RECORDS PROVIDED Block Start
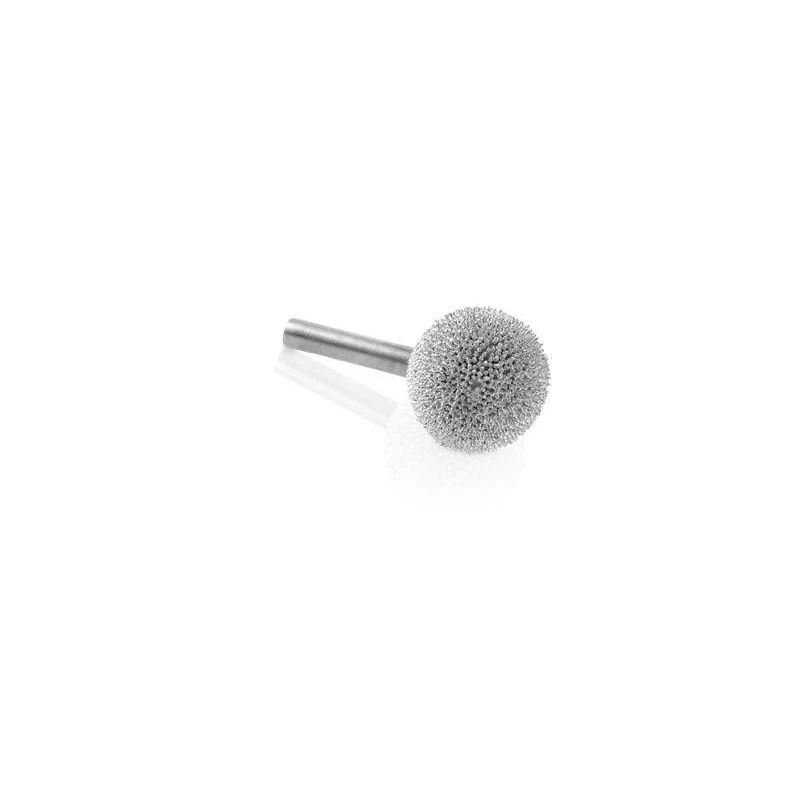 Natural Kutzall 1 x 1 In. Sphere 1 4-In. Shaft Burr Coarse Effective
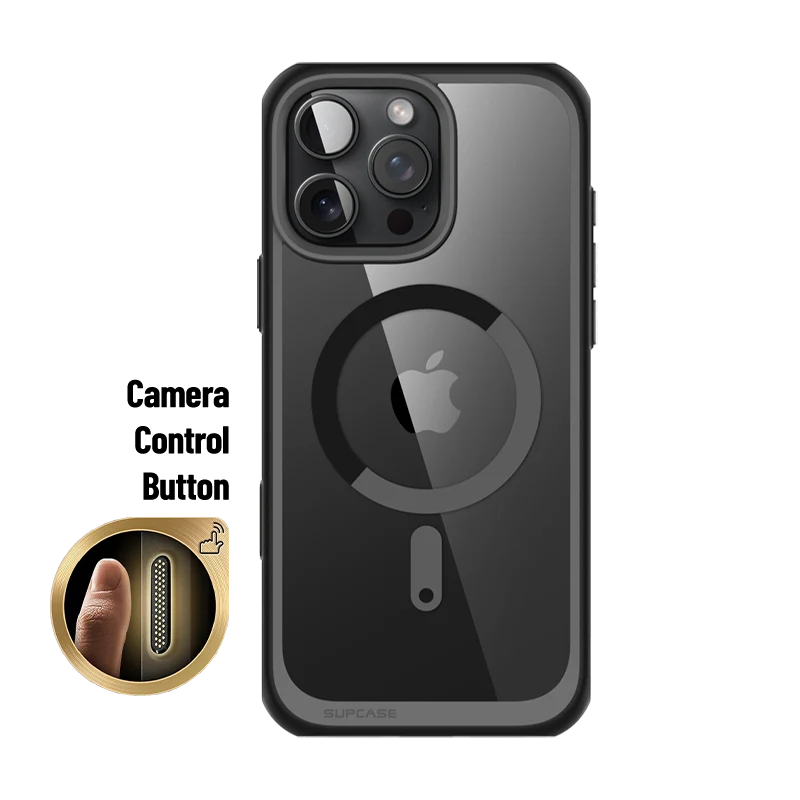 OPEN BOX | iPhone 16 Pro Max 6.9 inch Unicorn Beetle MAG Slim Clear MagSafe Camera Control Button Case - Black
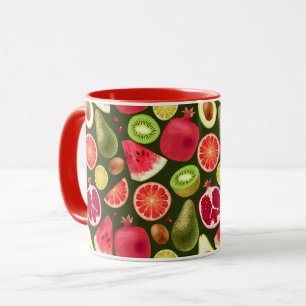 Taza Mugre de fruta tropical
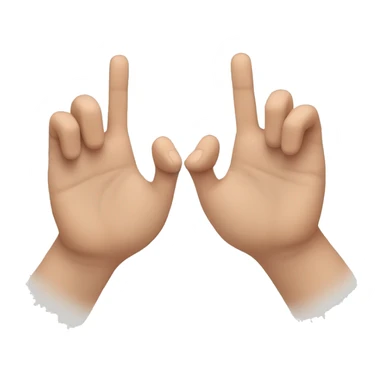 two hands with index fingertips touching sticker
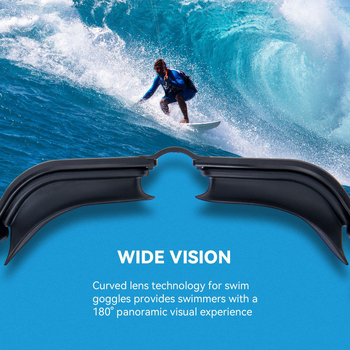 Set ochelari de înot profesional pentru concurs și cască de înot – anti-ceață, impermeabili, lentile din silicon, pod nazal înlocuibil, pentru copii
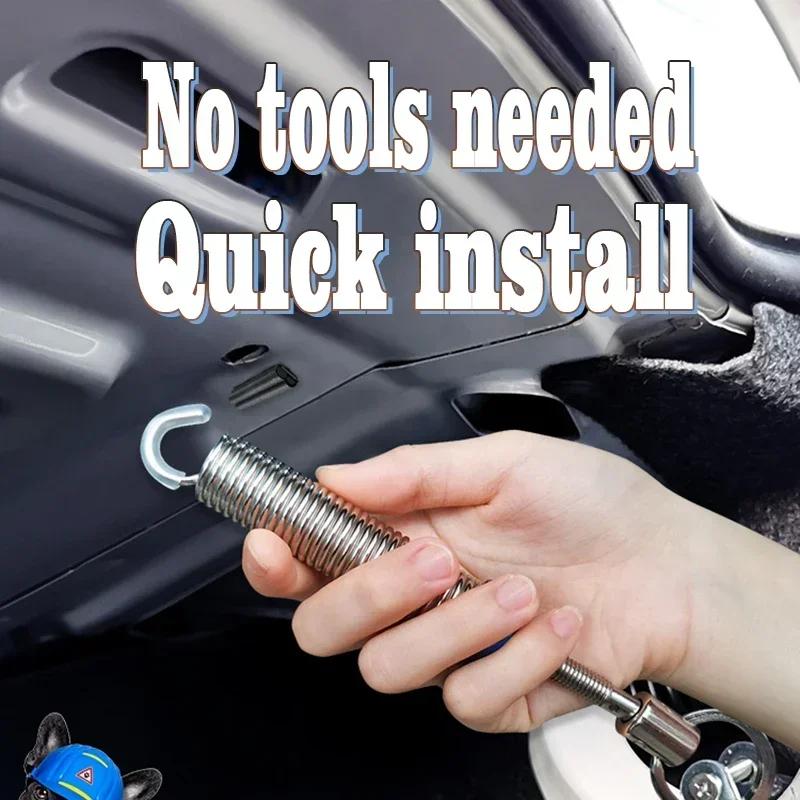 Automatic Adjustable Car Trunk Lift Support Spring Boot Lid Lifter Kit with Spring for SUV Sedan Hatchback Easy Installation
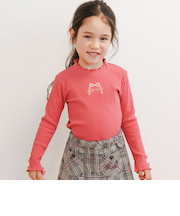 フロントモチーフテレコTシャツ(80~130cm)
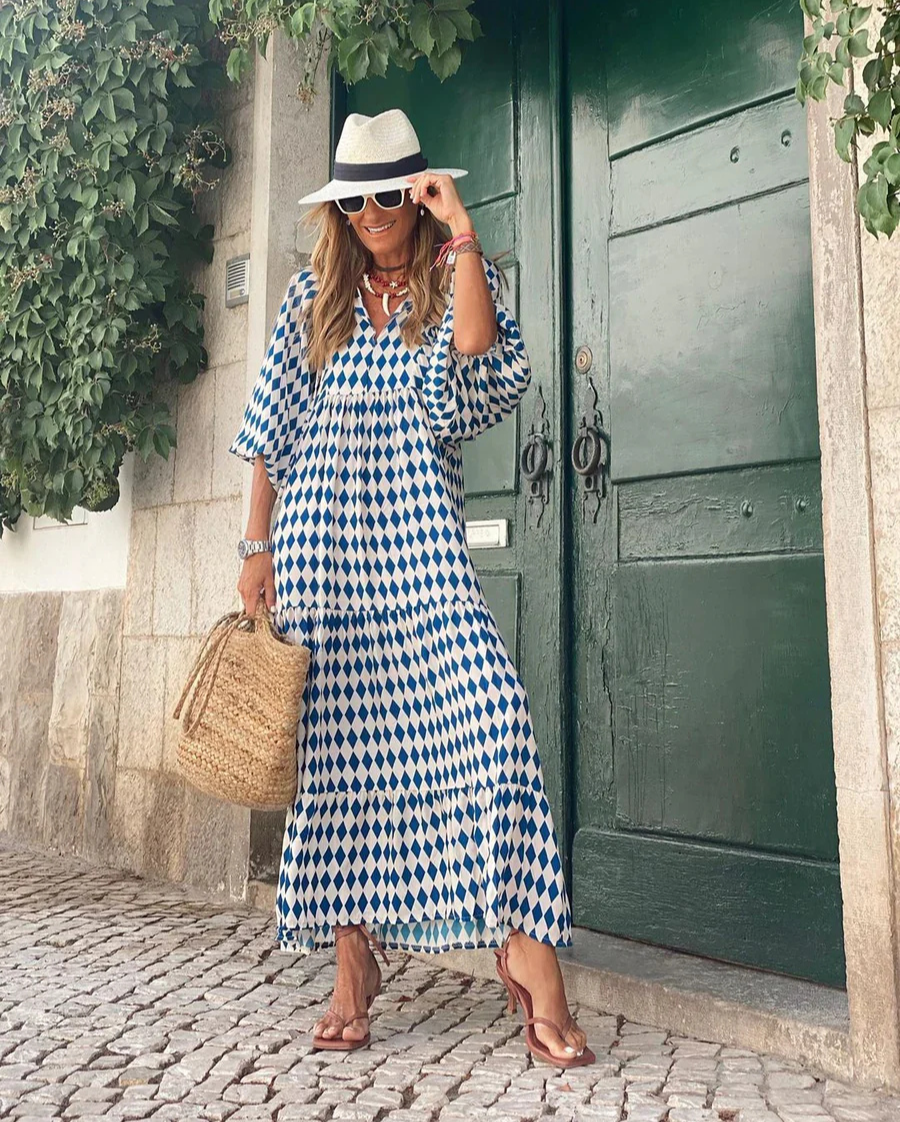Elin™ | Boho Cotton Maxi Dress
RECORDS PROVIDED Block End
__HOW TO COMPLETE THIS TASK__
From the line containing "OPEN BOX | iPhone" down to the final line of the listing above, write out only those lines exactly as they are, minus the pictures.

__OUTPUT OF THE EXERCISE__
 OPEN BOX | iPhone 16 Pro Max 6.9 inch Unicorn Beetle MAG Slim Clear MagSafe Camera Control Button Case - Black
 Taza Mugre de fruta tropical
 two hands with index fingertips touching sticker
 Set ochelari de înot profesional pentru concurs și cască de înot – anti-ceață, impermeabili, lentile din silicon, pod nazal înlocuibil, pentru copii
 Automatic Adjustable Car Trunk Lift Support Spring Boot Lid Lifter Kit with Spring for SUV Sedan Hatchback Easy Installation
 フロントモチーフテレコTシャツ(80~130cm)
Elin™ | Boho Cotton Maxi Dress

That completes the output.